Organizing the 1999 East Timorese Independence Referendum
Oral History Item Type Metadata
Well, let's get to the present now -- I mean, leading up to the ballot, and I think this is important when one thinks of the future of East Timor. We decided -- the United Nations went out there with UNAMET, the Mission for East Timor, to organize this ballot. We did so without any U.N. military backing of any kind. As I said, we depended on security for the Indonesian people; all we had was the U.N.'s mobile force and authority, which we exercised to the utmost, and we were there all the time.
We set up these polling booths. We set a very elaborate registration process. We had a very elaborate education process by radio and television, telling the East Timorese people what it was all about, what it meant in acceptance or rejection, an education program on that; and also assuring them that their ballot would be secret, that nobody would know which way they voted, and therefore they should not be intimidated.
Now, there was a great deal of intimidation that went on by the pro-integration forces, whereas the pro-independence forces -- Xanana was still in prison, he wasn't allowed out -- were not able to campaign. This is something we watched very carefully. The Secretary-General had said that at the time of the ballot, there must be an even playing field. Point of fact, there was not. All the facilities and all the action was taken by the pro-integrationists, including a lot of threatening.
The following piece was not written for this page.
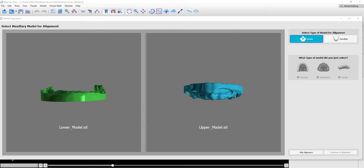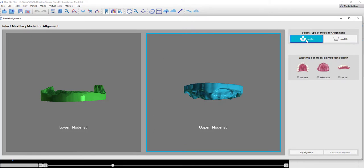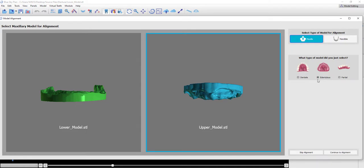The software automatically opens the model alignment functionality displaying in front of us the models that we have selected as well as the model file names. Simply left-click on one of the models, select the draw type, and then select the type of model. In this situation, we're going to be selecting Edentulous. Continue to alignment.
But I spoke to Xanana about this, we followed it very carefully, and I said that I think we ought to go ahead with this. And he said -- and so did the bishops, for that matter -- that it doesn't matter. "We've been campaigning for twenty-five years, and so we're not worried about not being able to campaign right now. We know what's going to happen." And so that was one thing that persuaded me to stay the course.
And then came the day for the registration of voters, and the voters came out and registered. They came out from the hills, they came out from the villages, they came out -- they braved everything to come out and register and get that little registration slip in their hands, which was to them the most valuable thing in their lives, and then they went back into the hills again. And we checked on the figures.
The Indonesian elections had just taken place two weeks -- three weeks before, and the turnout for that was something like 320,000. The turnout for this registration was 450,000. In the first case, of course, they had all been herded into and pushed; in this case they were obviously being -- but in spite of that, they went out. Once that happened, I was convinced that we had to give them the chance to exercise this ballot; otherwise, this would never occur again, no matter what, and it was a moral responsibility that we had. So we moved everything that we could to give maximum publicity.